One Year After Oil Spill Was Stopped, Drilling Permits Down Sharply
Rob Bluey /
The Obama administration is approving deepwater drilling permits at a pace of just 1.7 per month — a dramatic drop that is jeopardizing thousands of jobs for struggling families in Louisiana and neighboring states.
The latest figures from the Bureau of Ocean Energy Management, Regulation and Enforcement also reveal a sharp reversal in permit issuance for shallow-water wells. Greater New Orleans Inc. compiled the data as part of its Gulf Permit Index.
Over the past three months, deepwater permits are down 71 percent from their historical monthly average of 5.8 permits per month. Shallow-water permits, which had begun to rebound, have fallen in recent weeks by 34 percent from the historical monthly average of 7.1 permits.

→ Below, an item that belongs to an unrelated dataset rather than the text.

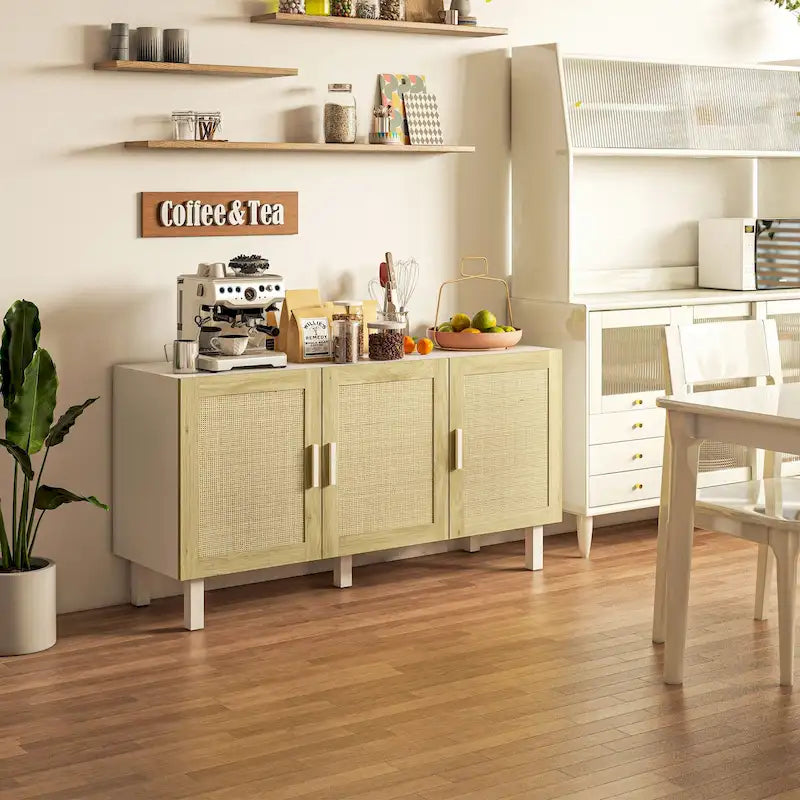 HOMCOM Credenza Buffet, Mobile da Cucina, Mobile Bar per Caffè con 3 Ante in Rattan e Ripiani Regolabili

One year ago today the Macondo well was finally capped after nearly three months of spewing oil in the Gulf of Mexico. Over the course of the past year, the Obama administration has issued new rules for offshore operators but remains far off track on permitting. Meanwhile, Michael Bromwich, BOEMRE’s director, said this week that more regulations are on the way.
That’s bad news for job creators in the Gulf of Mexico.
According to a new study conducted by Quest Offshore Inc., 60,000 jobs have been lost in the Gulf Coast states since 2008 — due in part to the slow economy, President Obama’s drilling moratorium and the lack of new drilling permits.
Each deepwater rig produces 700 jobs for Louisianans alone; a shallow-water rig generates 350 jobs, according to Greater New Orleans Inc. Those numbers add up in a country facing a 9.2 percent unemployment rate.
But it’s not just Gulf Coast states bearing the burden. The Quest Offshore study, commissioned by the National Ocean Industries Association and the American Petroleum Institute, reveals that communities across the United States are suffering from the Obama administration’s policies as well.
An estimated 190,000 potential jobs across the country are at stake unless the pace of permitting increases and bureaucratic hurdles are lifted. Those new jobs, coupled with the 240,000 jobs already supported by the Gulf offshore oil and gas industry, have the potential to contribute nearly $45 billion America’s economy by 2013.
The jobs would also bring much-needed revenue into federal coffers — particularly at a time of record budget deficits. Declining production at existing wells and bureaucratic delays on new wells in the Gulf of Mexico are costing the federal government more than $4 million per day in forfeited royalty payments, lease sales and rents.